Mr. Newman says there are four things that will plague America and that may be our undoing. He says, in America:
--We don't like to work anymore.
--Nobody wants to sacrifice anymore.
--We're uninformed in America.
--We're a self absorbed, entitlement attitude "iCulture."
We may be chastened by the recession, but Americans still believe they deserve the best of everything—the best job, the best healthcare, the best education for our kids. And we want it at a discount --or better yet, free-- which brings us back to the usual disconnect between what we want and what we're willing to pay for.
What a horrible malediction that is. Depressing, isn't it? True? Is Newman onto something here?
I don't suppose he expects this to happen overnight; it will take a few years yet, but are America's best days behind her? Have we grown, as he suggests in those four observations, lazy, uncompetitive, uninformed and self-absorbed?
Or is he wide of the mark?
Or as Dr. Franklin observed about General Washington's chair, is the sun setting on America, or rising? Why or why not?
Are the Good Times Really Over? - Merle Haggard
Comments
Are America's best days behind her?
Not necessarily. But if we continue down this socialist path then a big YES!
We get the type of government we deserve. Obviously, when we have a majority of people with their hands out going to the polls to elect socialists and Marxists our best days may be begind us. Our type of government can now best be described as an Idiocracy. The inmates are running the asylum...and we've handed them the keys.
Oh, yeah, the good old days when there were no sidewalks or sanitation, where everyone had guns and there were few laws.

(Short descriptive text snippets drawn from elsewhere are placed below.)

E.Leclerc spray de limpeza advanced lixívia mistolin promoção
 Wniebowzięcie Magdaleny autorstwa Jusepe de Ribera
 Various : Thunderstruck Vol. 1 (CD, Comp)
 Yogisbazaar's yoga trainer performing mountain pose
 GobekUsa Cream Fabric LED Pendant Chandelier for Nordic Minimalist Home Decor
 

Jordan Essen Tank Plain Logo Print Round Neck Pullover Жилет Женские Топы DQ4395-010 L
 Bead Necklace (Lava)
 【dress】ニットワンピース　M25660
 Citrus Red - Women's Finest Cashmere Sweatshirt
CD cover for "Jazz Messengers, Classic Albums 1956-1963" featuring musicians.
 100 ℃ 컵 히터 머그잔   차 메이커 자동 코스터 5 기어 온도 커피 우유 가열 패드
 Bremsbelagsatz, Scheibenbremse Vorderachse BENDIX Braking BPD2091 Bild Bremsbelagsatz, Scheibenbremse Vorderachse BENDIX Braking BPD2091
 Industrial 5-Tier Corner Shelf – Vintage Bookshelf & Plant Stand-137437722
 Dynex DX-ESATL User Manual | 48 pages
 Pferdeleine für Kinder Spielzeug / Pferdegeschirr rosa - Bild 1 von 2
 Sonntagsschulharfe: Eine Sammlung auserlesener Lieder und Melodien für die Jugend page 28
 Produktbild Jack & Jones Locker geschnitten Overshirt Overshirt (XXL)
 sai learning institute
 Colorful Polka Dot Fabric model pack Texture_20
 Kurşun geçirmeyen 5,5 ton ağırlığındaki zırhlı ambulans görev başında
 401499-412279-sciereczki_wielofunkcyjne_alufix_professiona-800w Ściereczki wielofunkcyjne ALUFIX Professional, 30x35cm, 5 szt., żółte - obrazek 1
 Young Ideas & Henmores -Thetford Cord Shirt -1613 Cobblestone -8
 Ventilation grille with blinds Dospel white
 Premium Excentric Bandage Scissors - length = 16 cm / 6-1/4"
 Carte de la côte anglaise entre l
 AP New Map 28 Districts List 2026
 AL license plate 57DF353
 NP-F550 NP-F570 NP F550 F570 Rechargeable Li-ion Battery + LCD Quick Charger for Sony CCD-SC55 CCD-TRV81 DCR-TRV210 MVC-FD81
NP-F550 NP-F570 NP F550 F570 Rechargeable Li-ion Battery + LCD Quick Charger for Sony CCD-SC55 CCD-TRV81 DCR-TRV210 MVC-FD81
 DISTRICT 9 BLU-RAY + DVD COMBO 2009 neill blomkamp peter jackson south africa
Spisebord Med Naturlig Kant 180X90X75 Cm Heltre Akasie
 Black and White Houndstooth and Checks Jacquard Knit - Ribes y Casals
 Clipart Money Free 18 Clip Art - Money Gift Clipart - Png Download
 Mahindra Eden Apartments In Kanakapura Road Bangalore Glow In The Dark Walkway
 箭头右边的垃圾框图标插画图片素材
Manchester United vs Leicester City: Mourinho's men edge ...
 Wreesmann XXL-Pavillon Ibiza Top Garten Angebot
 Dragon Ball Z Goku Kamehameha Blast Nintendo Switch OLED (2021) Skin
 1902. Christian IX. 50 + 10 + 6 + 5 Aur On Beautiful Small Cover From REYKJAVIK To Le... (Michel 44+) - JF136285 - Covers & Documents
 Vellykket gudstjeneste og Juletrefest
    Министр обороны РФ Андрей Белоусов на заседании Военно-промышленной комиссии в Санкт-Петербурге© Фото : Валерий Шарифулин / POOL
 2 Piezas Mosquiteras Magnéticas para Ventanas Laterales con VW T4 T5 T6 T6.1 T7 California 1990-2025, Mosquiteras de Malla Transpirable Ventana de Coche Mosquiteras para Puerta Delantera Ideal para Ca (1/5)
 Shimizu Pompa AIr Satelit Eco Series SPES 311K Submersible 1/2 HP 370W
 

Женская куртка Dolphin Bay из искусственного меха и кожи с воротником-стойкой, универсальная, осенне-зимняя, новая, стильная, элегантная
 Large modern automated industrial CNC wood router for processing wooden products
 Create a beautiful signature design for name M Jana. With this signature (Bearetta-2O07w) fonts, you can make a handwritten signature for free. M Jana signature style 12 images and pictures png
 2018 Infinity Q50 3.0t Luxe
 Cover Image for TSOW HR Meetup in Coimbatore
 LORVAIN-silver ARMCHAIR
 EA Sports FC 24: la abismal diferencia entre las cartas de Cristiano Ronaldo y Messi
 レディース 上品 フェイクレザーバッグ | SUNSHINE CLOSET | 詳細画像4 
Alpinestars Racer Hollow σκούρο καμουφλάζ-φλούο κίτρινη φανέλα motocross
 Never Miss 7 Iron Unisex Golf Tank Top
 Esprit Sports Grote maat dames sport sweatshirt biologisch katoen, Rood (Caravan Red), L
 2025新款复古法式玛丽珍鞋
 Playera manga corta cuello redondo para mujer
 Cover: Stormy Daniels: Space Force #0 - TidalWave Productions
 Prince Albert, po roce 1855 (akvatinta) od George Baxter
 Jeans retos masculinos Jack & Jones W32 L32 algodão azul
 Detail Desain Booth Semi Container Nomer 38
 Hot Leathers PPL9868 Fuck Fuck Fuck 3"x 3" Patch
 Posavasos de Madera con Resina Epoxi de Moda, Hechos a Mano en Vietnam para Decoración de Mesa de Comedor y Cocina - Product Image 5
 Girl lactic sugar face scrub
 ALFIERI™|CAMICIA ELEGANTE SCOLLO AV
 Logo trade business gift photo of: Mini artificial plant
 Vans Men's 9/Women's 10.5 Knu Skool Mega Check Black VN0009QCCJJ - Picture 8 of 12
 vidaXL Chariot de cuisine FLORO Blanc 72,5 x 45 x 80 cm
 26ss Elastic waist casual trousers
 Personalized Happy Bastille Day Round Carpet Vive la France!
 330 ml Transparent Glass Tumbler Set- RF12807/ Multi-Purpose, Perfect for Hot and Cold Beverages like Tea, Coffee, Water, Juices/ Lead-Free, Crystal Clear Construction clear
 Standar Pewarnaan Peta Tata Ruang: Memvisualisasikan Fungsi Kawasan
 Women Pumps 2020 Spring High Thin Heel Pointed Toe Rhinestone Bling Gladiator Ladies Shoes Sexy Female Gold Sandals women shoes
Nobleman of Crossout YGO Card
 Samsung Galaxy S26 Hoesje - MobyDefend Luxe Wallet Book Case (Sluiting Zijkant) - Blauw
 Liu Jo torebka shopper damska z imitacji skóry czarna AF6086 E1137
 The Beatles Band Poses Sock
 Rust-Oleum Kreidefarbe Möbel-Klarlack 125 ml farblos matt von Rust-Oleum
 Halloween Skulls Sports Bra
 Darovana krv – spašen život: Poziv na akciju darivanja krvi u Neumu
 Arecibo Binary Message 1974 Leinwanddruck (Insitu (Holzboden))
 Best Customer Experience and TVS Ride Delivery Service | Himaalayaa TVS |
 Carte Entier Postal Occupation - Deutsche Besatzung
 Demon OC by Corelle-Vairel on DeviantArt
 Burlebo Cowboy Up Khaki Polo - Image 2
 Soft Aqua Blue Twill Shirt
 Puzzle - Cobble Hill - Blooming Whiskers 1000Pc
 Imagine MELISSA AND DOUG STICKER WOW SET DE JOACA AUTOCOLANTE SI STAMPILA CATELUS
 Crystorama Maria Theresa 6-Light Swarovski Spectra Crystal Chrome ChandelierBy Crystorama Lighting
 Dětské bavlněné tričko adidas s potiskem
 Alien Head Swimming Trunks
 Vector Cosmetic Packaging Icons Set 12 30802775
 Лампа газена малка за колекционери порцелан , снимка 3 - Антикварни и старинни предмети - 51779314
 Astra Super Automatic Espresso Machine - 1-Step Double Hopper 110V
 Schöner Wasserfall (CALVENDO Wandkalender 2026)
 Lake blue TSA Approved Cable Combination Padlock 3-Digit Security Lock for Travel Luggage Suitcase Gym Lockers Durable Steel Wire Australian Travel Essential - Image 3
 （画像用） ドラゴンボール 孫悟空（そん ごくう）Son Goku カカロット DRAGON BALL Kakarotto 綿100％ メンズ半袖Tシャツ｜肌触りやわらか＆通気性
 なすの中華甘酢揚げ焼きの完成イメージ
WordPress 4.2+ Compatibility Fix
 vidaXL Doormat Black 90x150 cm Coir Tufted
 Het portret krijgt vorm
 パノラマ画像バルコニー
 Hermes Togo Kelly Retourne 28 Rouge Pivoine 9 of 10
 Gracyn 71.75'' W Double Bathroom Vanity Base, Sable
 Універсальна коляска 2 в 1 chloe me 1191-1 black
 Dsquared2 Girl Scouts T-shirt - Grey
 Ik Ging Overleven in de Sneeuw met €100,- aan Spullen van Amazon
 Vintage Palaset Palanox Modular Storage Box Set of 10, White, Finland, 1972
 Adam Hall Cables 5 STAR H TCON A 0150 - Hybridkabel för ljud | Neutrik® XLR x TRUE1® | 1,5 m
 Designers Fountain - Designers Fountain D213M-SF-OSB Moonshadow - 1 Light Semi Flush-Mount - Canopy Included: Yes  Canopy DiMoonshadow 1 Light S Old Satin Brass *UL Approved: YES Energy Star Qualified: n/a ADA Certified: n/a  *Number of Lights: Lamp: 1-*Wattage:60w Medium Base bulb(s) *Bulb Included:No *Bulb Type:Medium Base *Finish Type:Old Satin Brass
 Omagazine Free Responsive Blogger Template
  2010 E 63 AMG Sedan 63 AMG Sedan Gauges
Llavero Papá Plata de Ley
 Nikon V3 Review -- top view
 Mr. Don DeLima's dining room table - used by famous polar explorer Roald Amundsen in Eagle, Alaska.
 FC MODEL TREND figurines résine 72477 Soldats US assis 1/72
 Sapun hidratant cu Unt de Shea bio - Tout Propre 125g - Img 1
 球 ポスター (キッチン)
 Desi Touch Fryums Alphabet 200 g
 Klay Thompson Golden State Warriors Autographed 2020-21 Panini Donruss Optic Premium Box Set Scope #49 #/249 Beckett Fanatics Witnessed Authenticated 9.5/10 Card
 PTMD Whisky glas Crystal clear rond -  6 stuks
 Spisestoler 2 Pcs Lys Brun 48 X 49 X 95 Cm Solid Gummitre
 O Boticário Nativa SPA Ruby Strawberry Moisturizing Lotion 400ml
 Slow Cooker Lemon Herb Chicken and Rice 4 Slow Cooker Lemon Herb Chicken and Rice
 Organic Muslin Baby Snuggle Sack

We are at our best right now and get better every day.
Socialists and Marxists? Keep up those dumb comments while calling yourselves conservatives and you'll marginalize the GOP even more than it already is.
I agree with Kevin.
Seems to me there are better ways to answer a question like this than by tossing around insults. The many changes occurring in the world present difficult challenges for this country no matter who is in office. We won't be any better equipped to deal with them by dividing ourselves with dumbass partisan sniping.
With the kind of way that obama is leading us, it looks like communism almost to me. A quote that i think he might be saying right now is "We'll just raise the debt ceiling a bit more....they won't notice" YEAH RIGHT!!!!!!!!!